Seharusnya, kata Ardi, jika Jokowi benar-benar ingin bebas dari beban masa lalu, maka dia harus berani membersihkan lingkungan di sekelilingnya dari orang-orang yang diduga terlibat kasus pelanggaran HAM masa lalu.
Menurut Ardi, saat masa kampanye pilpres, Jokowi pernah berjanji akan menuntaskan kasus pelanggaran berat HAM jika terpilih menjadi presiden.
Jokowi pun menyebut kasus pembunuhan Munir dan hilangnya seniman Wiji Thukul yang akan menjadi perhatiannya. Secara ekspisit kedua kasus tersebut tercantun dalam Nawacita.
"Jangan sampai masyarakat menganggap itu hanya janji kosong dan anggapan Presiden dikendalikan oleh orang di sekelilingnya yang memiliki catatan buruk soal HAM," kata Ardi.
Setelah berjalan selama 12 tahun, saat ini Ardi menilai proses pengungkapan auktor intelektual pembunuh Munir hanya bisa mengandalkan keberanian dan kemauan politik Presiden.
(Baca juga: Selama 12 Tahun, Auktor Intelektual Pembunuhan Munir Belum Terungkap)
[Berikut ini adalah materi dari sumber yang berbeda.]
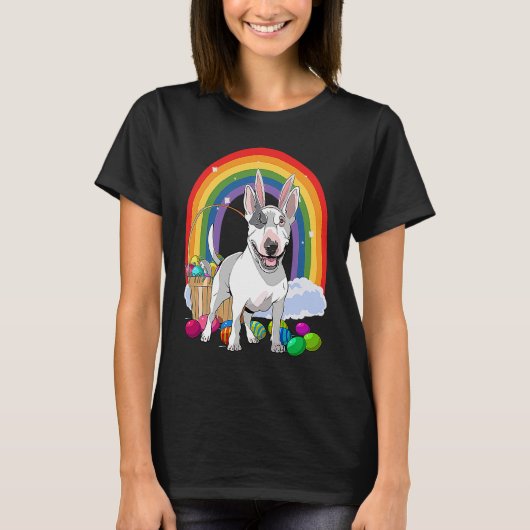 Bull Terrier Dog Happy Easter Eggs Bunny Kids T-shirt (Voorkant)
Menurut dia, aparat penegak hukum tidak lagi bisa diandalkan untuk mengusut kasus tersebut. Sebab, beberapa persidangan yang pernah digelar dan menyeret beberapa petinggi Badan Intelijen Negara, menyisakan sejumlah kejanggalan.
Artinya, kasus Munir hanya bisa terungkap melalui campur tangan Presiden.
"Saat ini kami hanya bisa mengandalkan keberanian dan kemauan politik Presiden. Kalau Jokowi ingin membuktikan komitmennya maka dia harus mampu keluar dari tekanan politik orang-orang di sekitarnya," ucapnya.
Buka temuan TPF
Ditemui secara terpisah, Direktur Imparsial Al Araf mendesak agar Presiden Joko Widodo membuka hasil temuan Tim Pencari Fakta (TPF) kasus Munir dan menindaklanjuti hasil penyelidikan tersebut.